I had to lawyer up and raise merry hell to get my child the support he needed. Even then , it was very far from adequate. Without a diagnosis I would have had fuck all chance of getting what I did get, no matter what the law says.

Area = ARSE 🤪

@Haffiana

Thank you for recognising what that poster has been doing. Even when I said I felt I was being talked over and invalidated they came back to tell me they were not doing that - which actually proved they were doing exactly that.

I had to step away from that interaction because no matter what I said it was rubbished in favour of 'the law' - the law is all good and well but realistically people have to fight hard for support even WITH a diagnosis, we all know jack shit is happening for those without.

Laughable that someone thinks I could walk into work and ask for adjustments with absolutely no evidence of needing them.

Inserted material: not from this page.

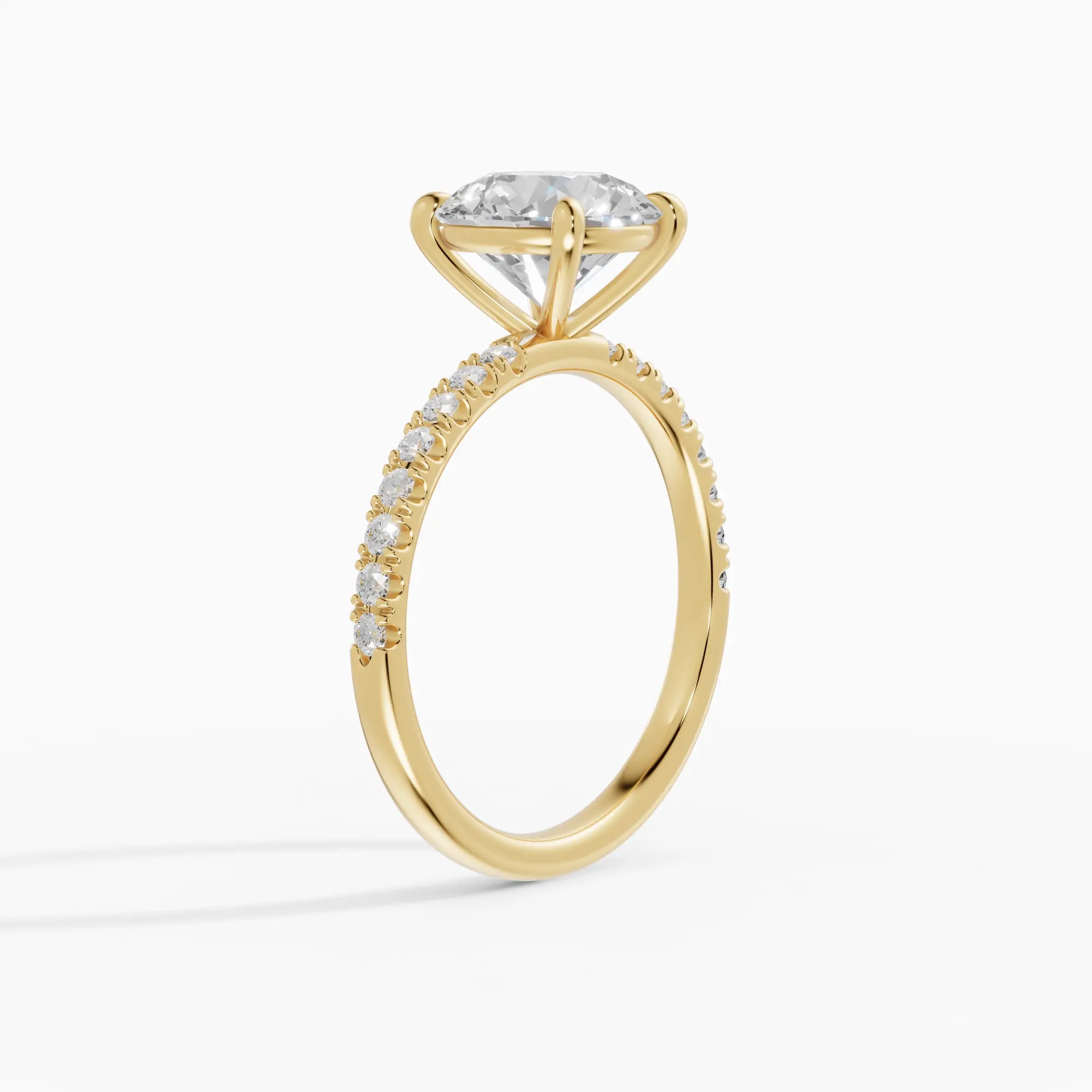 Anillo solitario corte brillante medio pavé | Noir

This is why I don't work by the way, because I did not have the understanding or support that I so desperately needed. The law

The reality is that many parents: don’t have the knowledge or information to do that; or don’t have the energy or time in as they have other children, full time jobs etc; aren’t educated, articulate, confident in challenging authorities; English isn’t their first language etc etc.

I agree, DC whose parents who know the system and can advocate for them get better support. Which is why it is important parents know what should be happening because if they don’t know what should happen it makes the situation even harder. All parents should be supported to challenge schools and LAs. There is help out there parents can access for help, e.g. there are charities that can help (including by funding independent assessments or providing a caseworker), there are many groups within the ‘SEN community’ that can support, many parents don’t realise they may be eligible for Legal Aid… Assessments such as Ed psych/SALT/OT can all evidence needs without a diagnosis.

^ This.

Posters can bang on all they like about the law, but the reality is that there is NO FUNDING. My child's previous mainstream headteacher has been told there is no additional funding and no additional special school places. Every child is expected to remain in mainstream. People have no idea about the reality of SEND provision. The latest teacher pay rises that schools have been told must come out of existing budgets are also having a huge impact. The highest band of ehcp funding is an additional £6k. How far do you think this goes on funding an additional TA? It's an awful situation, at least in England. I thank my lucky stars that my child's specialist placement was agreed last year.